Another villain option is North Korea, but after The Interview it's not likely.
I've drifted pretty far off topic, so I'll try and answer part of Dragonpol's original question. Let's say Disney bought the Bond films, and then bought the rights to the Gardner novels and decided to film Never Send Flowers. Would they keep the Disneyland setting? I'd venture yes. It's free self-promotion and Bond himself is rather effusive (over effusive to be honest) about the place. It's true that Disney might be hesitant to show Bond killing a terrorist at one of their theme parks, but the public knows a Bond film is inherently stylized and not altogether realistic, and you could flip the question to be "Would Disney be hesitant to show Bond triumphing magnificently over a villain at Disneyland?" Hell, that would even give an excuse for a James Bond ride. Oh God...
Vomit inducingly effusive if we're being accurate.
Has anyone actually got that paragraph they could post for those who haven't read the book? (Draggers I assume you have the text tattooed over your body so could you take a Polaroid of the relevant body part as long as it's not etched along the old chap?)
It really is staggering to see Bond telling the girl how fabulous he thinks Disneyland is. Presume it was contractual to allow them to feature it and allow access but you'd think someone at Glidrose would've have said this section needs axing. I guess no one cared at that point as long as Gardner churned another one out every year and they scraped into profit.
Jesus. But highly likely.
I don't think Disney is interested in the James Bond franchise so I doubt the first poster's suggestion will ever happen. It seems very unlikely any future Bond film will be based on a non-Fleming novel. Eon haven't adapted any non-Fleming work.
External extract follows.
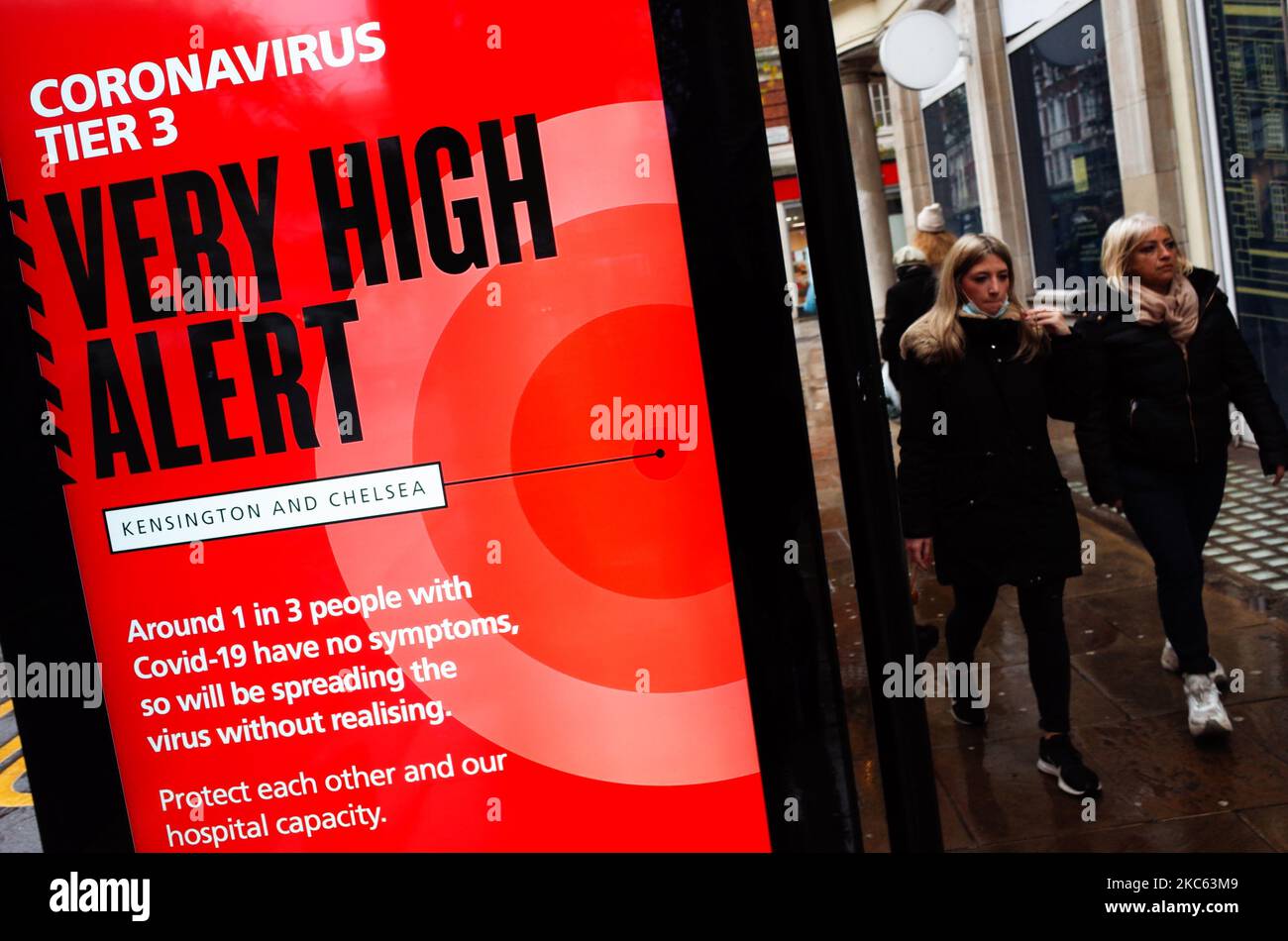 Le persone passano oltre un avviso per 'Tier 3' o 'molto alto' avviso coronavirus restrizioni visualizzate sullo schermo di pubblicità digitale di una fermata di autobus su Kensington High Street a Londra, Inghilterra, il 18 dicembre 2020. Le restrizioni di livello 3 sono iniziate a Londra il mercoledì tra le preoccupazioni delle autorità per l'aumento dei numeri covid-19 test positivi in città. I negozi possono rimanere aperti nelle aree di livello 3, ma le aziende del settore alberghiero sono limitate solo ai servizi di asporto e consegna e i luoghi di intrattenimento, inclusi teatri e cinema, devono essere chiusi. (Foto di David Cliff/NurPhoto) Foto Stock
Except for part of Colonel Sun.
I'm sure the screenwriters would still be forced to have Bond make a Death Star joke at some point in each film, though, or at least a general Star Wars reference in general as we've seen in the films Disney have produced outside Star Wars.
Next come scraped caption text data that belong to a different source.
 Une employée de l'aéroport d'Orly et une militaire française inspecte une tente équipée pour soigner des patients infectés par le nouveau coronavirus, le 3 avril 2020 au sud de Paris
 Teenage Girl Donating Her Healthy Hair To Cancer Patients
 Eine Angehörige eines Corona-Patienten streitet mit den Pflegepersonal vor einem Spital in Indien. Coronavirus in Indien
I can picture Bond in a mexican standoff with another villain as we speak...
Nameless villain: "My trigger finger is getting itchy, Mr. Bond, and there's no ointment in sight."
Bond: "There's something you should know, then..."
[Villain raises eyebrow in questioning]
Bond: "I always shoot first."
[winks at camera as he fires the shot, the gun magically turning into Han Solo's blaster as he pulls the trigger]
I want it!
So, in that case, they could adapt John Gardner's earlier Bond novel Brokenclaw (1990) instead, which features the Chinese agent Chi Chi as Bond's sidekick. Though I suppose that we've kind of had the Chinese agent angle already with Wai Lin in Tomorrow Never Dies.
That would still be fine by me, plus yet another excuse for another torture scene as the Bond films of the last 20 years seem to be rather fond of them.
As @SaintMark said above, it couldn't be any worse than what Eon came up with in the last film especially. At the very least it would be a basis to start from for any new Bond film in development.
Yes, I think that film was the main inspiration for that O-Kee-Pa torture scene in Brokenclaw. Raymond Benson even mentions it in his excelkent 'Gardner's World' review and interview with John Gardner in 007 Magazine in 1995.
I even bought a reprint of an old book on the initiation ceremony as I wanted to write something about it at one point.
So are you saying that Gardner made a mistake with his depiction of the ritual, @RichardTheBruce? This sounds very interesting to me!
I actually read the book back in October to get familiar with the San Francisco locations, so it's pretty fresh in my mind.